Ratingen. Erstmals seit Jahren sind in Deutschland wieder mehr Immobilien zwangsversteigert worden. Nach Recherchen des Fachverlags Argetra wurden 2023 Gerichtsverfahren für 12.332 Häuser, Wohnungen und Grundstücke eröffnet, etwas mehr als im Vorjahr mit 12.077 Immobilien. Der Wert der zwangsversteigerten Immobilien stieg um 15 Prozent auf 3,87 Milliarden Euro. Für den am Freitag veröffentlichten Bericht wertete Argetra die Zwangsversteigerungstermine an allen knapp 500 Amtsgerichten in Deutschland aus.
Eine „toxische Mischung aus schwacher Konjunktur, hoher Inflation und einem schwachen Immobilienmarkt“ zeige Wirkung bei den Bürgern, schreiben die Autoren von Argetra. Anders als in den Vorjahren, als praktisch jede Immobilie verkauft werden konnte, sei die Nachfrage nach Immobilien deutlich gesunken. In den kommenden Jahren sei mit einem deutlichen Anstieg der Zwangsversteigerungen zu rechnen.
Zuvor war die Zahl der Zwangsversteigerungen jahrelang zurückgegangen. Gründe dafür waren die lange Zeit gute Konjunktur, der Immobilienboom und die jahrelang niedrigen Zinsen, die Kredite günstig machten und die Zinslast für Schuldner gering hielten. Bei steigenden Zinsen hatte das Deutsche Institut für Wirtschaftsforschung (DIW) bereits vor mehr Zwangsversteigerungen im Jahr 2022 gewarnt. Auf die Zahl der Zwangsversteigerungen hatten sich die erschwerten Bedingungen aber lange nicht ausgewirkt.

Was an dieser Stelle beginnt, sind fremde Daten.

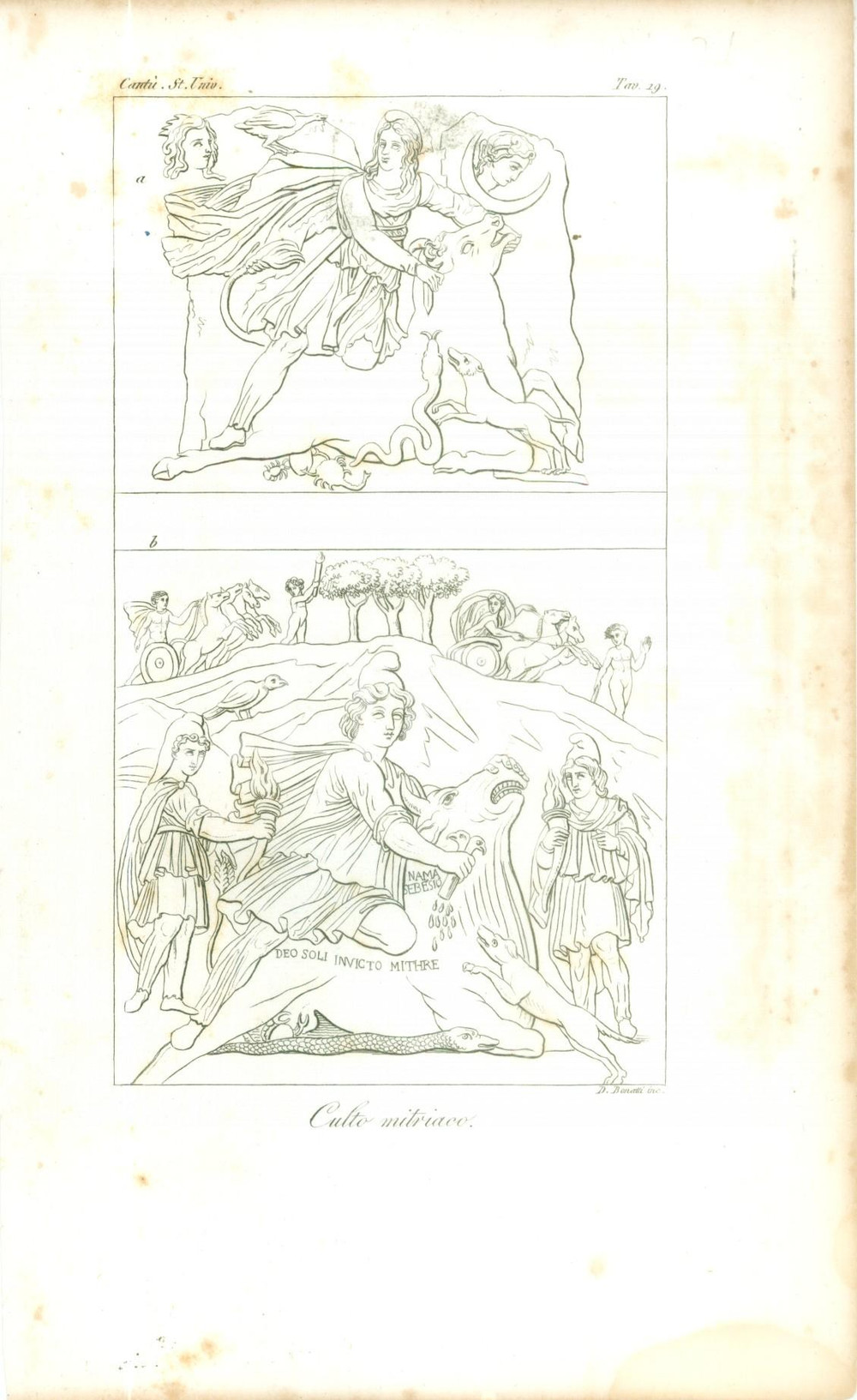 Stampa, bozzetto originale 1845 Cesare CANTU  Culto mitriaco Stampa estratta da Storia Universale 1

Höchster Anteil an Zwangsversteigerungen in NRW
Gut zwei Drittel der Zwangsversteigerungen im Jahr 2023 betrafen Wohnimmobilien, wobei Ein- und Zweifamilienhäuser den Löwenanteil ausmachten, gefolgt von Eigentumswohnungen, wie Argetra mitteilte. Nur etwa die Hälfte der eröffneten Zwangsversteigerungsverfahren lande vor Gericht. Der Rest der Immobilien werde vor der Versteigerung freihändig verkauft.
Das bevölkerungsreichste Bundesland Nordrhein-Westfalen sei mit einem Anteil von rund 20 Prozent seit Jahren Spitzenreiter bei den Zwangsversteigerungen, hieß es. Demnach waren im Jahr 2023 im Bundesdurchschnitt 30 von 100.000 Haushalten von Zwangsversteigerungen betroffen. In Thüringen lag die Zahl der anberaumten Termine mit 52 mehr als doppelt so hoch wie etwa in Bayern.